Jersey City enacted a similar law last year requiring employers with five or more employees with their principal place of business within Jersey City to post minimum and maximum salary and/or hourly wages as well as benefits in employment advertisements.  The Jersey City law also prohibits employers from screening job applicants based on their salary history or require applicants’ salary history satisfy any minimum or maximum criteria.  Jersey City did not carve out any exemption for temporary help firms.

On December 21, 2022, New York State’s Governor Kathy Hochul signed a state-wide wage transparency law.  Under this law, any employer with four or more employees must include salary ranges, job descriptions (if such job description exists) and general descriptions of other benefits in any employment advertisements where the job opportunity can or will be performed, at least in part, in the State of New York.  Temporary help firms are specifically excluded from the requirements of this law.  This law takes effect in September 2023.

The State of New Jersey does not yet have a state-wide wage transparency law although legislation has been proposed.  The text of the proposed bill applies to all employers with ten or more employees and does not carve out an exception for temporary staffing firms.

If you are a qualifying employer operating in New York City, New York State or Jersey City, New Jersey, review your job advertisement to ensure compliance with the applicable wage transparency law.  Violations can subject employers to civil penalties and fines. 

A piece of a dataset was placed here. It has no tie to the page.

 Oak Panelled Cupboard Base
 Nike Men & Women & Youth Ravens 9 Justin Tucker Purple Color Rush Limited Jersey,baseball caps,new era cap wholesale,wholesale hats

New Jersey Senate Bill to Affect Temporary Staffing Industry

Today, Governor Murphy signed legislation that will dramatically impact the temporary staffing industry and its workers in the State of New Jersey.

As expressed in the law’s text, the motivation behind the legislation is to bring regulation to an industry that has been largely unregulated and address abuses directed toward temporary workers.  Unions and worker’s rights advocates are celebrating the law’s passage.  Temporary staffing agencies and their clients oppose the bill and continue to express their strong concerns because several of the law’s provisions are likely to create significant financial hardship and confusion upon implementation.    

The law contains more than ten separate sections creating new mandates related to employee disclosure, recordkeeping, registration, transportation, and other categories.  These disclosure and notification requirements and related penalties can apply to temporary staffing agencies as well as their clients.

In addition to new disclosure and recordkeeping requirements that will increase agencies’ and clients’ operating costs, the law prohibits both the temporary staffing agency and the client from charging the temporary employees for transportation to and from worksites.  Similarly, agencies cannot charge workers for meals or equipment if those charges cause wages to fall below minimum wage.   Temporary staffing agencies are also required to employ personnel, or work with personnel, who can effectively communicate with temporary workers in their native language. 

The law limits the amount a temporary staffing agency can charge when a worker transitions to a client’s payroll.  Further, the law requires temporary workers to receive the same rate of pay and benefits as a client’s direct employees working the same position.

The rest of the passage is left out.